• Requirement: Copy nothing but the lines below, from the one with "Promo: Ensemble Survetement" through the one with "Kit de riego", exactly as written; no pictures should appear.

Collected data entries:
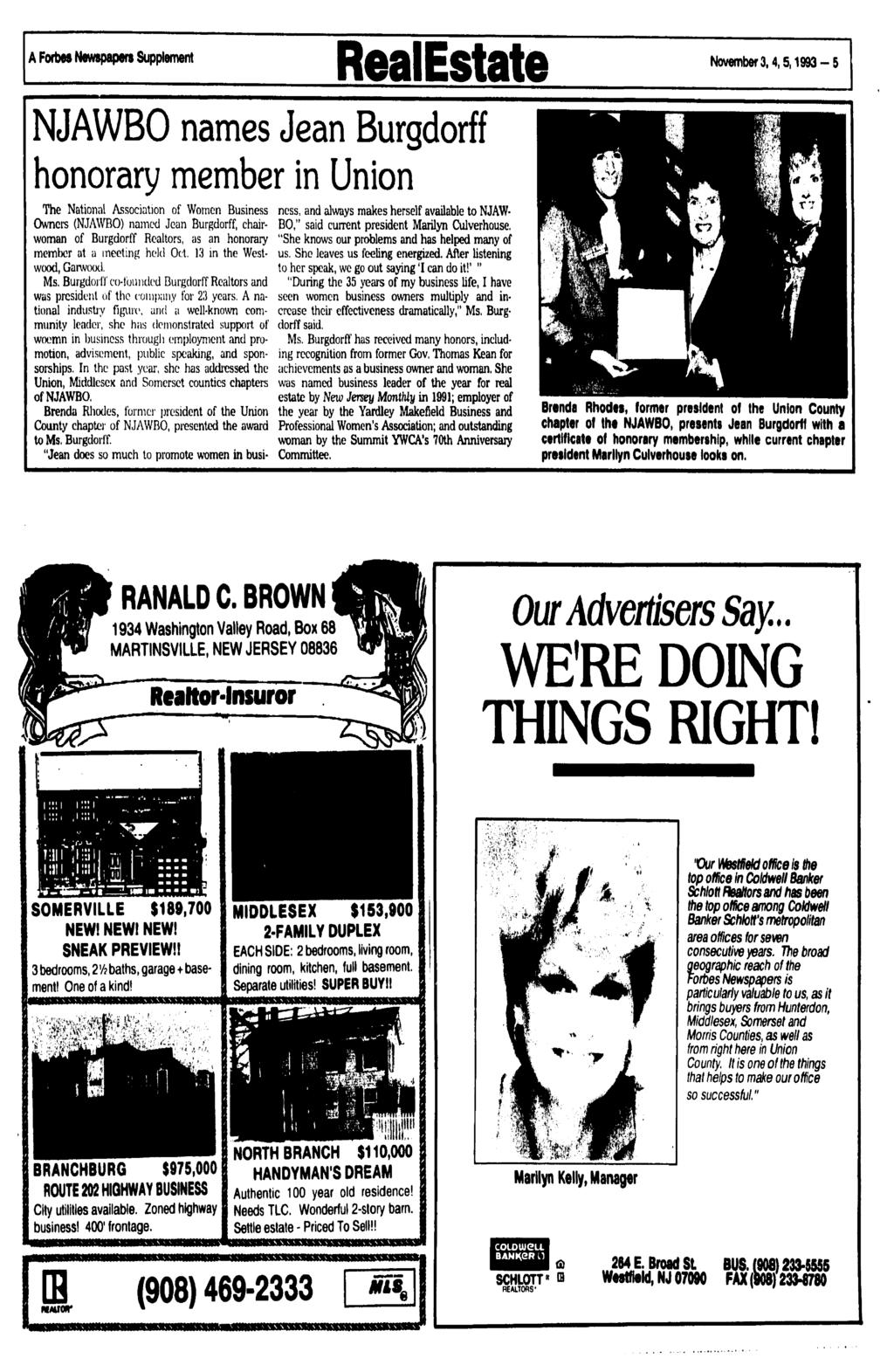 A Forbes Newspapers Supplement RealEstate November3,4,5,1993-5 NJAWBO names Jean Burgdorff honorary member in Union The National Association of Women Business Owners (NJAWBO) named Jean Burgdorff,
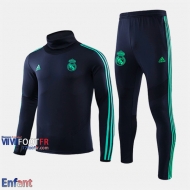 Promo: Ensemble Survetement Real Madrid Enfant Col Haut Cyan 2019/2020 Nouveau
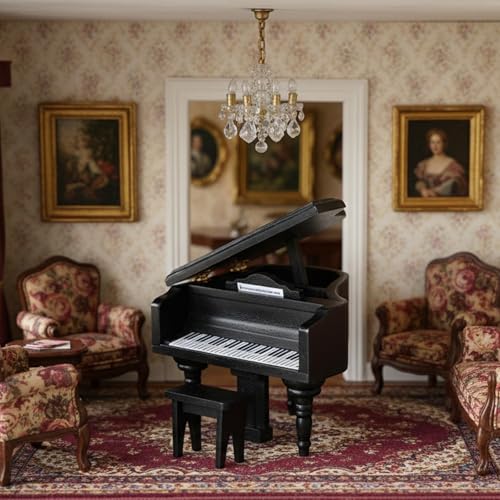 Miniature Piano for Dollhouse Furniture Upright Grand Piano with Stool Instrument 1 12 Ornament Artificial House Scene Accessories Desktop Decoration - style: Black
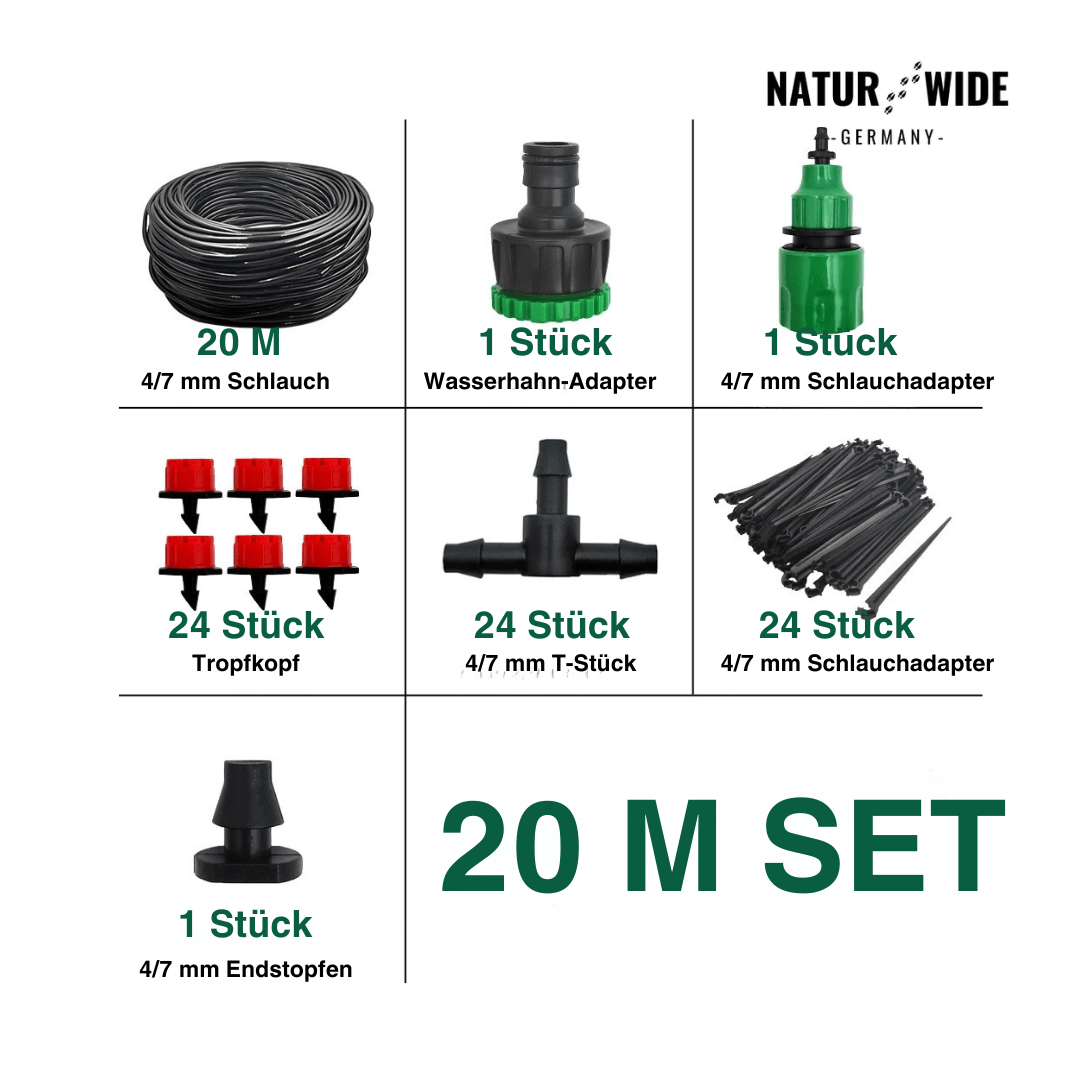 Kit de riego por goteo ajustable para jardín y terraza – Sistema de microaspersión con nebulizadores regulables — 20M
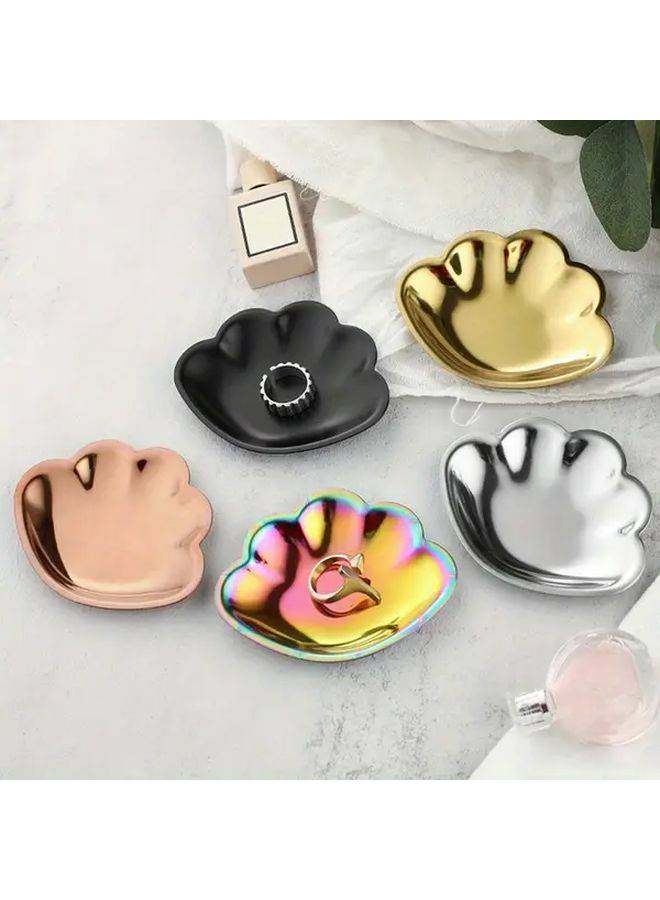 5pcs Stainless Steel Floral Jewelry Trays Decorative Ring Storage Plates With Iridescent Finish Multi Color Organizer For Rings Earrings Necklaces Elegant Home Decor Accessories Jewelry Display Modern Aesthetic Highend Finish Sleek Appearance - Image 5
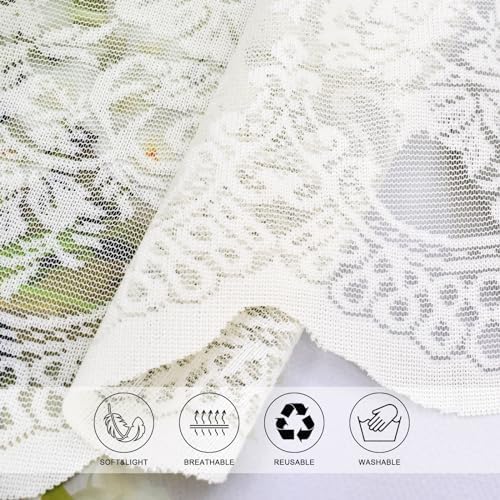 Molaxhome Floral Embroidered Valance 51x16in Beige
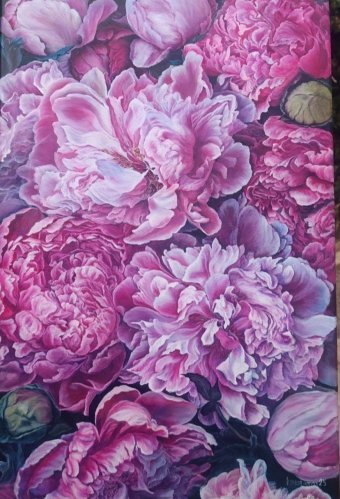 Painting "Macro Peonies. Thousand Petals" by painter innessikmax oil canvas at Jose Art Gallery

• Result below:
 Promo: Ensemble Survetement Real Madrid Enfant Col Haut Cyan 2019/2020 Nouveau
 Miniature Piano for Dollhouse Furniture Upright Grand Piano with Stool Instrument 1 12 Ornament Artificial House Scene Accessories Desktop Decoration - style: Black
 Kit de riego por goteo ajustable para jardín y terraza – Sistema de microaspersión con nebulizadores regulables — 20M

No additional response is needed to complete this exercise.